Here is a more detailed explanation of the patch and how it compares to
Andries patch.
The open path for most devices is quite simple and tries to avoid a lookup
by using the cached value in inode->i_cdev, so it simply has to get
inode->i_cdev->fops. Only if that fails, open tries the slow path looking
up the major device. Andries removes all the infrastructure for this with
the first patch and replaces it with a lookup which can be quite expensive
(e.g. when a major device has a lot of minor devices registered).
Further he introduces a new function register_chrdev_region(), which is
only needed by the tty code and rather hides the problem than solves
it. So the complexity should stay in the tty layer (and has to be fixed
there), than forcing it into the generic layer.
The misc device example is interesting that misc_open() now is only called
if no misc device is registered for that minor, so it only needs to
request a module. The remaining functionality is basically to export
information about misc devices to userspace and even part of that could be
moved into the generic part (e.g. part of the driver model, but that
depends a lot on what the tty layer needs).

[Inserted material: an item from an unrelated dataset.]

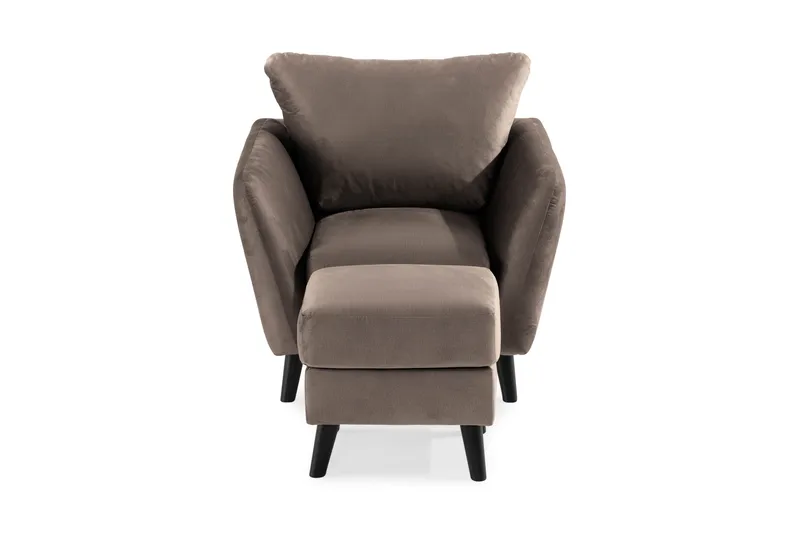Trend Lenestol med Fotskammel - Muldvarp Fløyel - Møbler - Stoler & lenestoler - Lenestoler - Lenestol med fotskammel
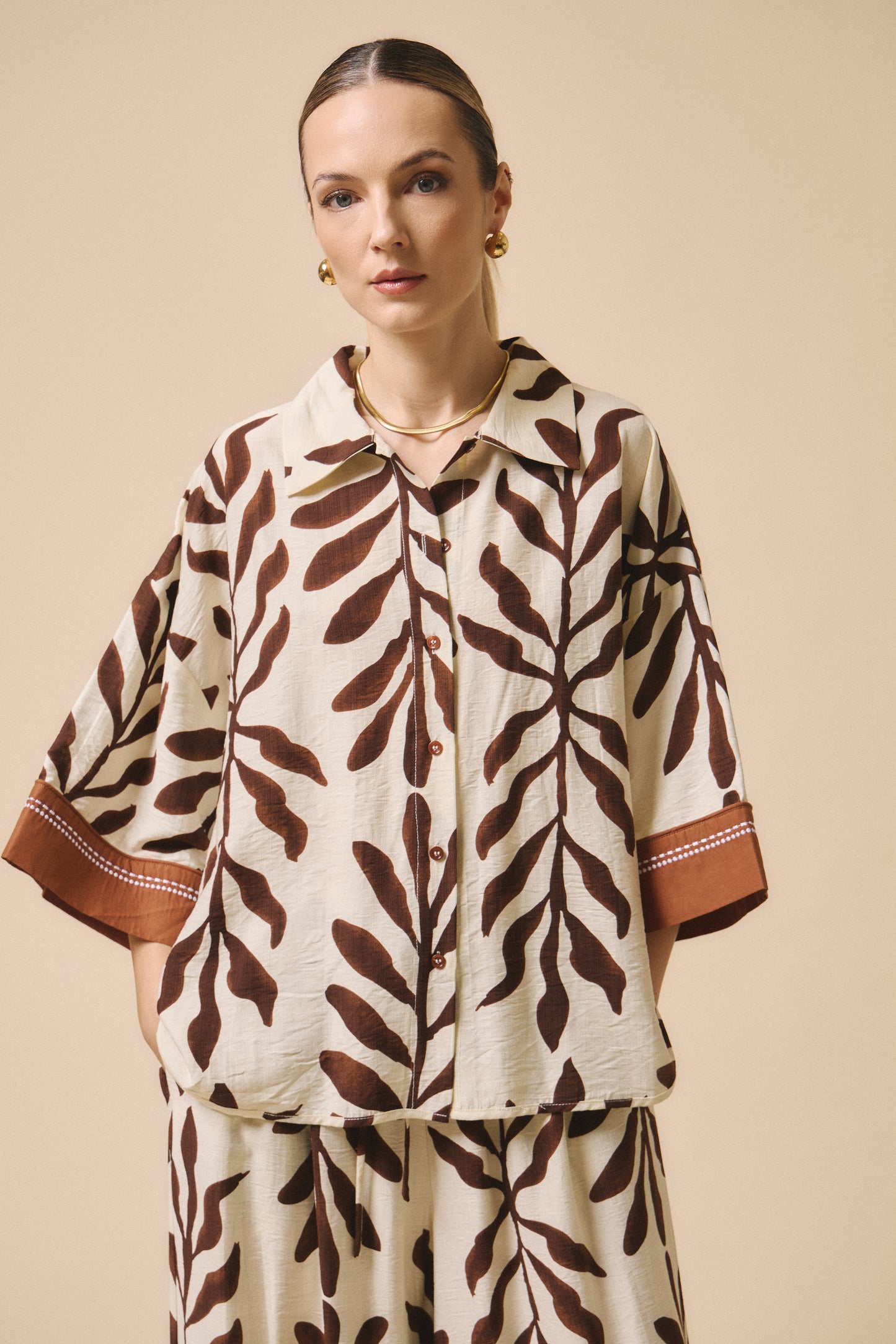 CAMISA POSIDONIA BROWN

Overall the generic code is 32bit dev_t safe (+ minor fixes/
optimizations). A flag still needs to be added, whether a driver can
handle more than 256 minor numbers, but this patch helps drivers to manage
them without huge tables (this latter part is also missing in Andries
patch).
bye, Roman
From: Roman Zippel <[email protected]>
> Here is a more detailed explanation of the patch
Thanks!
However, I am unconvinced.
(i)
There was some unused code, and you decide to start using that
in order to speed up the open() of a chardev. Is that urgent?
Is the speed of opening a chardev a bottleneck?
I think something is wrong with this philosophy.
Look at what happens on open("/dev/ttyS1") - there is a hash
lookup of the "dev", then a hash lookup of the "ttyS1", then
we find that this is device (4,65) and do a hash lookup for
(4,65). You want to eliminate this last hash lookup by building
infrastructure to cache it? That is possible of course.
Some extra code, an extra slab cache, a field i_cdev in struct inode,
a semaphore, refcounting..
I have not benchmarked anything but it sure feels like a lot of
machinery to avoid a simple hash lookup.
I very much doubt that Al had speeding up the open() in mind when
he wrote that (so far unused) infrastructure.
(ii)
> Further he introduces a new function register_chrdev_region(),
> which is only needed by the tty code and rather hides the problem
> than solves it.
What does one want? A driver announces the device number regions
that it wants to cover. Simple and straightforward.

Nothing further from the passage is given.